R = train(epochs = 400, lr = 0.8)

Epoch 24 Loss : 103.75080712125232
Epoch 49 Loss : 28.581241208690365
Epoch 74 Loss : 10.52838409224959
Epoch 99 Loss : 4.740614270409274
Epoch 124 Loss : 2.525009208180008
Epoch 149 Loss : 1.5630449512086788
Epoch 174 Loss : 1.1048770444767242
Epoch 199 Loss : 0.8710846200438042
Epoch 224 Loss : 0.745354168029209
Epoch 249 Loss : 0.6748854542077934
Epoch 274 Loss : 0.6340361932715131
Epoch 299 Loss : 0.6096758141723325
Epoch 324 Loss : 0.5947892102152811
Epoch 349 Loss : 0.5854952917369657
Epoch 374 Loss : 0.5795823131084801
Epoch 399 Loss : 0.5757569140300391


## Nearest Neighbors

In [15]:
def forward(x):
    fr_pred_emb = np.dot(x,R)
    return fr_pred_emb


def cosine_similarity(A, B):
    cos = -10
    dot = np.dot(A, B)
    norma = np.linalg.norm(A)
    normb = np.linalg.norm(B)
    cos = dot / (norma * normb)
    return cos


def nearest_neighbor(v, candidates, k = 1):
    
    similarity_l = []

    for row in candidates:
        cos_similarity = cosine_similarity(v,row)
        similarity_l.append(cos_similarity)
        
    sorted_ids = np.argsort(similarity_l)
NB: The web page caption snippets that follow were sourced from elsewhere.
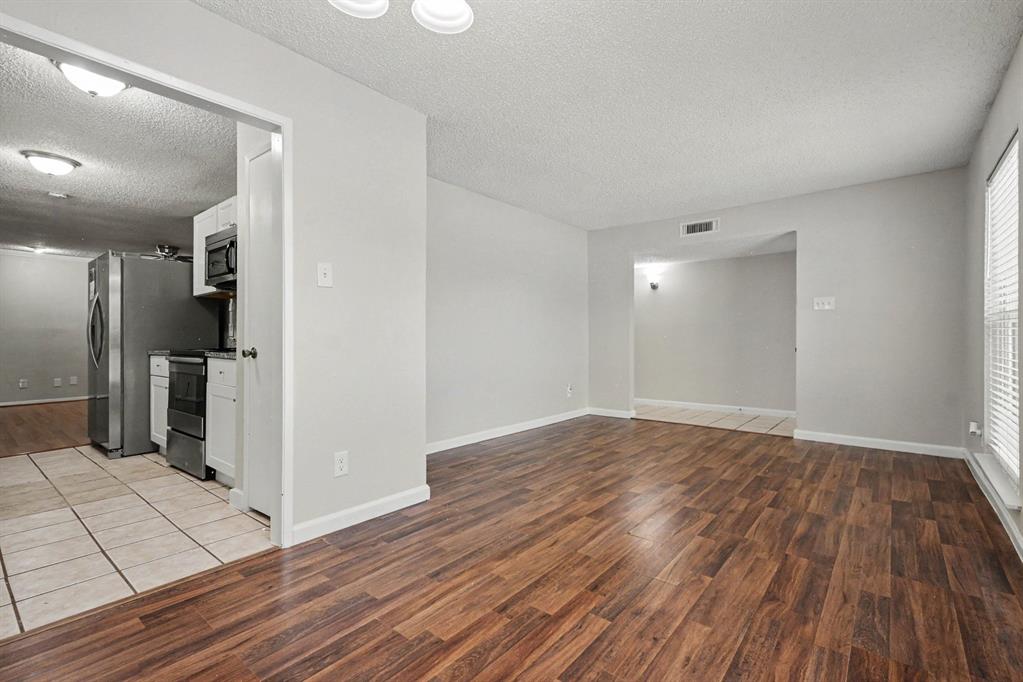 8810 Miami Drive Property Photo 10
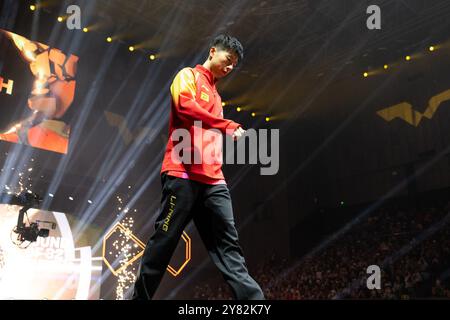 Peking, China. Oktober 2024. MA Long tritt in das Spielfeld ein, bevor Ma Long aus China und Zeng Beixun aus China beim 2024 World Table Tennis (WTT) China Smash in Peking, China, 2. Oktober 2024. Quelle: Xiao Yijiu/Xinhua/Alamy Live News Stockfoto
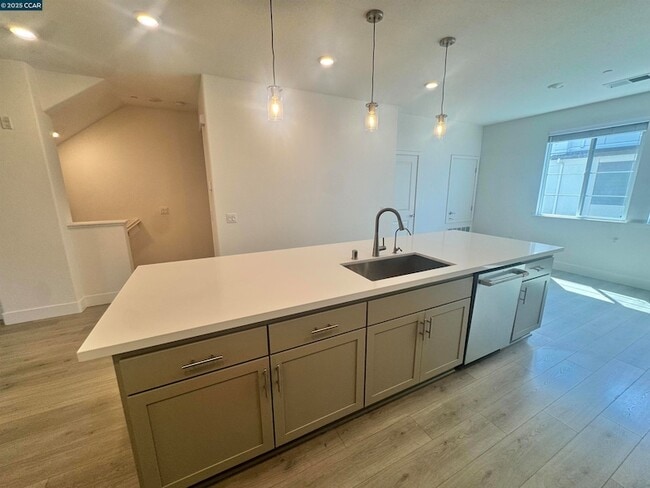 Building Photo - 725 Delve Ct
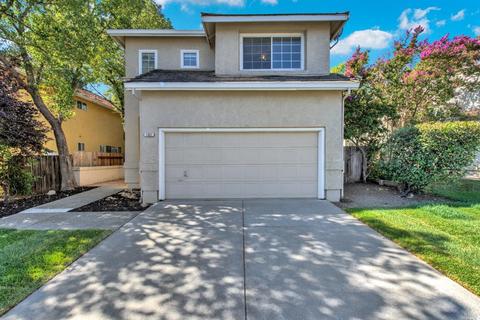 484 Bald Eagle Dr, Vacaville, CA 95688 photo 4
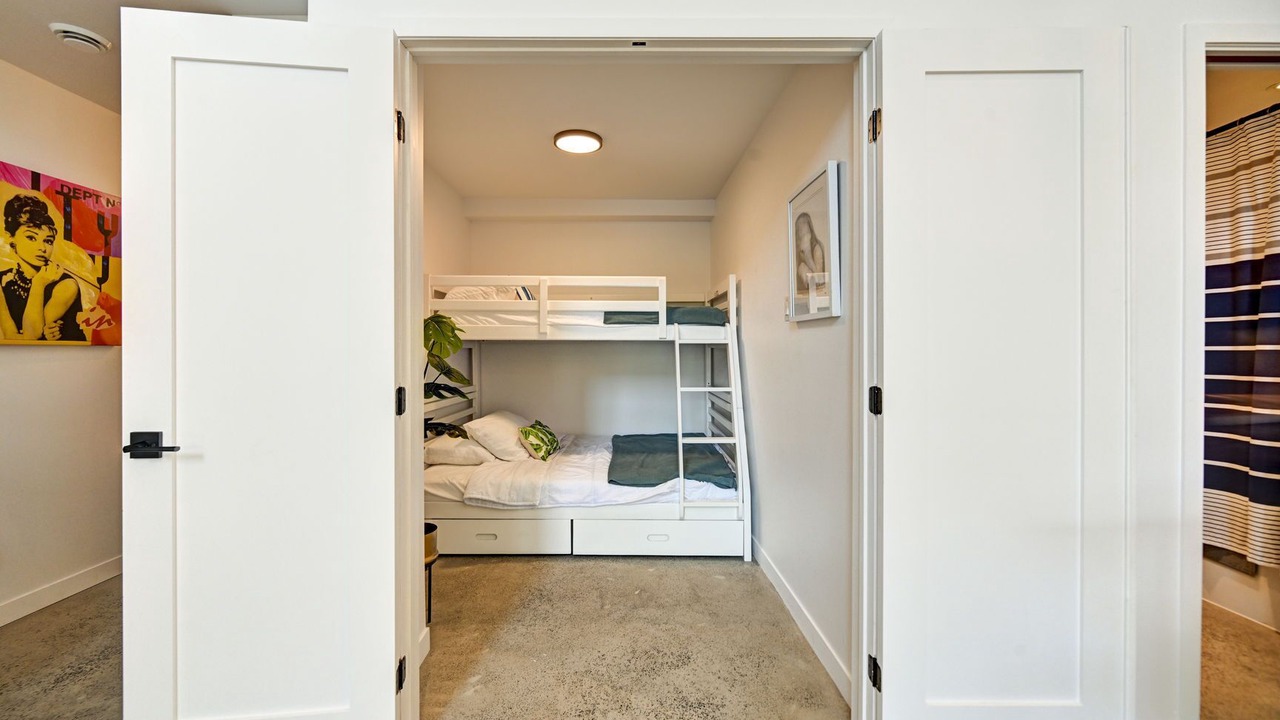 Photo of Bedroom in Pointe-Saint-Charles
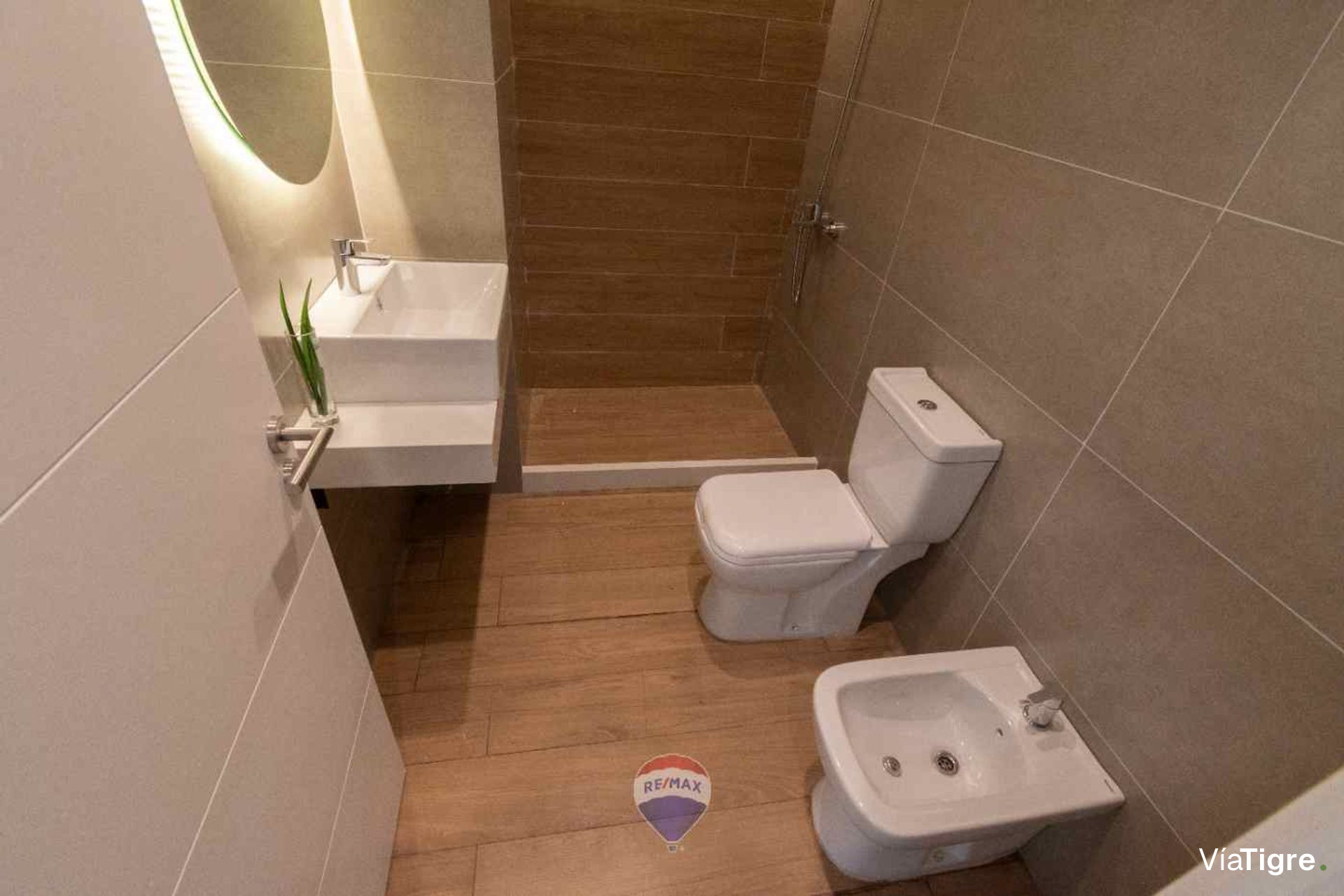 Vende Dos amb. Brickell Remeros balcón pileta sum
    k_idx = sorted_ids[-k:]
    return k_idx

In [16]:
# UNQ_C10 (UNIQUE CELL IDENTIFIER, DO NOT EDIT)
def test_vocabulary(X, Y, R):
   
    pred = np.dot(X,R)

    num_correct = 0

    for i in range(len(pred)):
        pred_idx = nearest_neighbor(pred[i],Y)

        if pred_idx == i:
            num_correct += 1

    accuracy = num_correct / len(pred)

    return accuracy

In [17]:
acc = test_vocabulary(X_val, y_val, R)  # this might take a minute or two
print(f"accuracy on test set is {acc:.3f}")

accuracy on test set is 0.450


You managed to translate words from one language to another language without ever seing them with almost 45% accuracy by using some basic linear algebra and learning a mapping of words from one language to another!